[Provided material — start]

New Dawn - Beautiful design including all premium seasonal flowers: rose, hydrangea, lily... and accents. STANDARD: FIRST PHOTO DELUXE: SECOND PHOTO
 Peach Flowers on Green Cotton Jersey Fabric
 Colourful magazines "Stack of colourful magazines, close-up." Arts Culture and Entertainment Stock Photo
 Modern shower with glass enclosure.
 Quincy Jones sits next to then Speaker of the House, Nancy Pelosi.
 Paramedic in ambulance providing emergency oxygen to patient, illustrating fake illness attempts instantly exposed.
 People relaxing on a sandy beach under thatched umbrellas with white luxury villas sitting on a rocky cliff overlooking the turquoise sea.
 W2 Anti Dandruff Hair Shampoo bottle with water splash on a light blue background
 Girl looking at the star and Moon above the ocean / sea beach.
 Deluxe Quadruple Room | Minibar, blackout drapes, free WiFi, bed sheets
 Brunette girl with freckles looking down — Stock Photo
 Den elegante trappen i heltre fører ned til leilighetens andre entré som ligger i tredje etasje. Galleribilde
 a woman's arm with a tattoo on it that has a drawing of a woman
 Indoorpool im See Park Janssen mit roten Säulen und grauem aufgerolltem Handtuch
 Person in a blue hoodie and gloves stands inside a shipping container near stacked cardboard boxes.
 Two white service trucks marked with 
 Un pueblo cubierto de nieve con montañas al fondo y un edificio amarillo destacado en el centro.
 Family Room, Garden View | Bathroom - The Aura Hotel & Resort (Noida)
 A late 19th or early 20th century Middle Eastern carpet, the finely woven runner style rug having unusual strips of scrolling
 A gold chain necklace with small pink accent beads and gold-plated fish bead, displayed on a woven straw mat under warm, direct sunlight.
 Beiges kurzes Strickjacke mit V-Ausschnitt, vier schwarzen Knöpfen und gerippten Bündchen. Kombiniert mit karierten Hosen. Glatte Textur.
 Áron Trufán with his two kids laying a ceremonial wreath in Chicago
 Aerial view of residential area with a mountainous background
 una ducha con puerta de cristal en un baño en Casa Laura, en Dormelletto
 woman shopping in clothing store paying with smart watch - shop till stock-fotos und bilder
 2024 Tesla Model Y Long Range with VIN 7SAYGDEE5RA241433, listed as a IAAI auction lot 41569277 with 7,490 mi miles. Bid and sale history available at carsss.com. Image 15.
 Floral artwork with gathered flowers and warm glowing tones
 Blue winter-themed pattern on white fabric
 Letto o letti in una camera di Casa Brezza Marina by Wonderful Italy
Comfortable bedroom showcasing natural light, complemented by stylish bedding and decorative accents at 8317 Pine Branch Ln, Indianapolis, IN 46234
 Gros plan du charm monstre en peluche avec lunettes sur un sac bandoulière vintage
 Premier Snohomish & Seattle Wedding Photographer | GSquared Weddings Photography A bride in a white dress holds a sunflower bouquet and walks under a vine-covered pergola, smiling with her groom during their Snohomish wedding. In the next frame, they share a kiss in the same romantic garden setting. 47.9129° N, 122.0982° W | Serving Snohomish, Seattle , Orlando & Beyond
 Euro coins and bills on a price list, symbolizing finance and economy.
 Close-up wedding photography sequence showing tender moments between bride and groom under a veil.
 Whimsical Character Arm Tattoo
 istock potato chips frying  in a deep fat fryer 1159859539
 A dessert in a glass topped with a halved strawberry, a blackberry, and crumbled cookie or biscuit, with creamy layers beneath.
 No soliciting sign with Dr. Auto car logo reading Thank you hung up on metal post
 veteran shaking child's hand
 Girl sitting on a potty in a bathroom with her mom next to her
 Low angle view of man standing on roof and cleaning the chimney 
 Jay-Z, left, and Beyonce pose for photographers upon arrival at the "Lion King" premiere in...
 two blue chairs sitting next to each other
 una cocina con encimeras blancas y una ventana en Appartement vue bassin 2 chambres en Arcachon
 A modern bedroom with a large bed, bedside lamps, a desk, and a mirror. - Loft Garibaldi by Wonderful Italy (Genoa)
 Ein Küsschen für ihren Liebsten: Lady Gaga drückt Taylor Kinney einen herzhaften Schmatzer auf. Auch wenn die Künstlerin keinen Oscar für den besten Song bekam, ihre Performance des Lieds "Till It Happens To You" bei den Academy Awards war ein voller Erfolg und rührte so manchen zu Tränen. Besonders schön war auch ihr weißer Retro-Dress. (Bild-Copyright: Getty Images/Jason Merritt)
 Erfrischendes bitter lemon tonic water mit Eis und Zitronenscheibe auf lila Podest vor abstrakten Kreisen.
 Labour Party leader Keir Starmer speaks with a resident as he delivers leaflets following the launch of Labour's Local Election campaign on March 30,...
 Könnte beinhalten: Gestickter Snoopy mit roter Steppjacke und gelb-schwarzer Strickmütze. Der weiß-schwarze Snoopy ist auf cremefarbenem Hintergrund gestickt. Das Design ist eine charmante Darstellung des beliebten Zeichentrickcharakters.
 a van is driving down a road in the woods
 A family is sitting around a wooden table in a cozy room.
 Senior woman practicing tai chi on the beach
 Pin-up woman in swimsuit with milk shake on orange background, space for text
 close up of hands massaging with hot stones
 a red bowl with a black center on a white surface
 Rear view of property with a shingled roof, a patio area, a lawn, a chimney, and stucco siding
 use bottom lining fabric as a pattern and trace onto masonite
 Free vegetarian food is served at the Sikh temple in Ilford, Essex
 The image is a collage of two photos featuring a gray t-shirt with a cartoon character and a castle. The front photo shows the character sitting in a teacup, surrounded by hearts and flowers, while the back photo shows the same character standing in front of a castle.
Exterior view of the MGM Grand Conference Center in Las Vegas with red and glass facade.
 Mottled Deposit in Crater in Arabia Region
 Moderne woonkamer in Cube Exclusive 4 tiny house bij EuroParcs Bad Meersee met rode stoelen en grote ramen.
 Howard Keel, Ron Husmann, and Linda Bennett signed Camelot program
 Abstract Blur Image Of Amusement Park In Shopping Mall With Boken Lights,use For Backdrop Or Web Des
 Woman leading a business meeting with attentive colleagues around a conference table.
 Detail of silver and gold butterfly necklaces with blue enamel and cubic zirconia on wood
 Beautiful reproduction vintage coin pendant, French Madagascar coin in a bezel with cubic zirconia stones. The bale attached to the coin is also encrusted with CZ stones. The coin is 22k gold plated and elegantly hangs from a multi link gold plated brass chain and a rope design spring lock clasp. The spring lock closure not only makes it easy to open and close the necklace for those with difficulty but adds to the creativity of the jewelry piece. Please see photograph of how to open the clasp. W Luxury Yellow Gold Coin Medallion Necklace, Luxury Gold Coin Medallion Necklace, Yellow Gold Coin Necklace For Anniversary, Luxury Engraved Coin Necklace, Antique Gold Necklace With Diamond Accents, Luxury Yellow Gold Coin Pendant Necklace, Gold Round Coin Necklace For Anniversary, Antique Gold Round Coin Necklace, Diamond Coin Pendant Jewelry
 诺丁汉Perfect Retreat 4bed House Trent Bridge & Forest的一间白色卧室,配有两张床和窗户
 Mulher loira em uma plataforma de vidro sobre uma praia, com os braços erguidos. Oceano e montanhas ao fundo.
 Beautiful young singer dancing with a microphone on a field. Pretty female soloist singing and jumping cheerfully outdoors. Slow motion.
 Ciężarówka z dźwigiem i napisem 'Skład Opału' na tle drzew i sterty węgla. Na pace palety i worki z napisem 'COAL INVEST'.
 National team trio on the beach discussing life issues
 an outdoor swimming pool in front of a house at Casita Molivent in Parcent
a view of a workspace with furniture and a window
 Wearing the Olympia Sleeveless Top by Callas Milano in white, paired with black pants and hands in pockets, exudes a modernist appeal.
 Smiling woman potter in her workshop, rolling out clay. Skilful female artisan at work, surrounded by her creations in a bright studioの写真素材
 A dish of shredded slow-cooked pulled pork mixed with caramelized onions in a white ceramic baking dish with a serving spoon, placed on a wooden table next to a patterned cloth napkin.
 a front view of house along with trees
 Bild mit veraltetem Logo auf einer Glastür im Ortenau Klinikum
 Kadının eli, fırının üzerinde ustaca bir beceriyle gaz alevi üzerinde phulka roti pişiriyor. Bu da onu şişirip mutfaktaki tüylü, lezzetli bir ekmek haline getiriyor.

[Provided material — finish]

Your assignment: An exact, complete copy of the lines above from the one with "Girl looking at" through the one with "Un pueblo cubierto" is the whole answer.

Finished exercise:
 Girl looking at the star and Moon above the ocean / sea beach.
 Deluxe Quadruple Room | Minibar, blackout drapes, free WiFi, bed sheets
 Brunette girl with freckles looking down — Stock Photo
 Den elegante trappen i heltre fører ned til leilighetens andre entré som ligger i tredje etasje. Galleribilde
 a woman's arm with a tattoo on it that has a drawing of a woman
 Indoorpool im See Park Janssen mit roten Säulen und grauem aufgerolltem Handtuch
 Person in a blue hoodie and gloves stands inside a shipping container near stacked cardboard boxes.
 Two white service trucks marked with 
 Un pueblo cubierto de nieve con montañas al fondo y un edificio amarillo destacado en el centro.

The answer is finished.